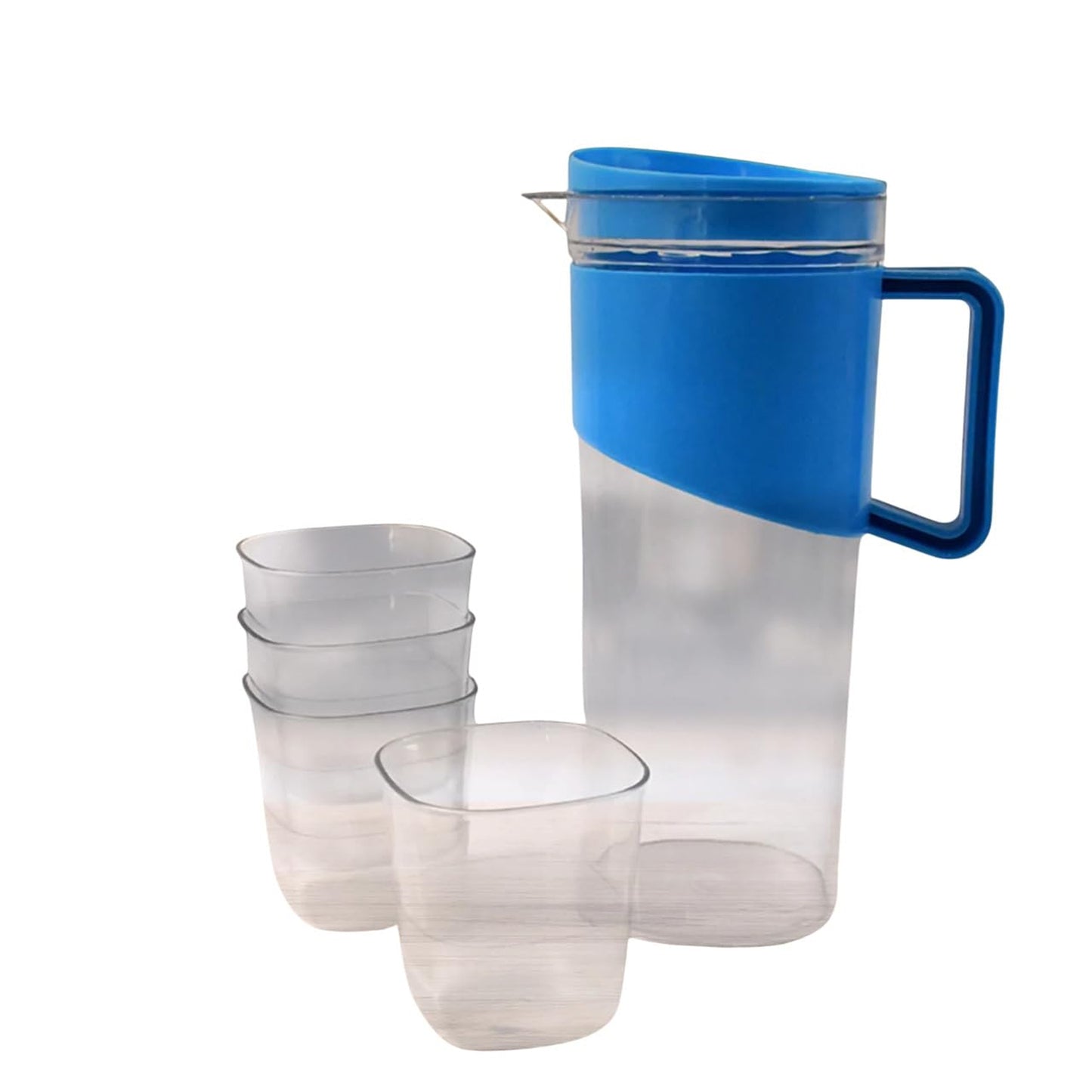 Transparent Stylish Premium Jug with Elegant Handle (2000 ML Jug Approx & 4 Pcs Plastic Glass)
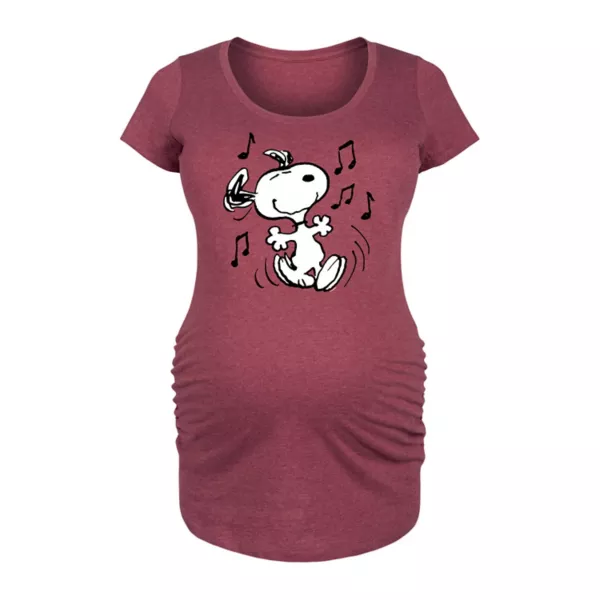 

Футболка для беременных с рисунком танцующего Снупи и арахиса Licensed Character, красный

---

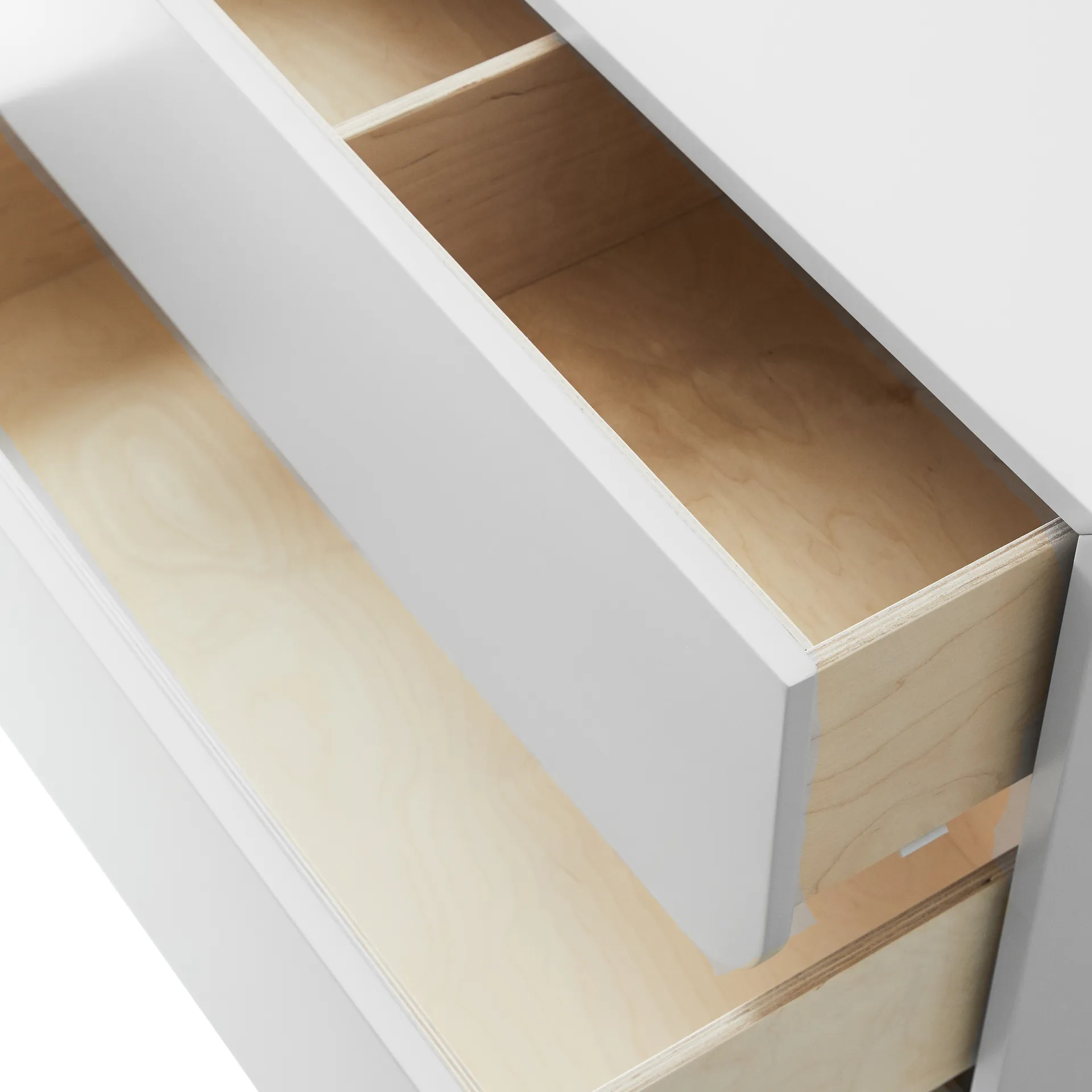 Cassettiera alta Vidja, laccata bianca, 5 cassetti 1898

TASK GOAL
Precisely those lines above that run from the line with "Transparent Stylish Premium" up to and including the line with "Футболка для беременных" are to be set down, with the pictures omitted.

RESPONSE AREA
 Transparent Stylish Premium Jug with Elegant Handle (2000 ML Jug Approx & 4 Pcs Plastic Glass)

Футболка для беременных с рисунком танцующего Снупи и арахиса Licensed Character, красный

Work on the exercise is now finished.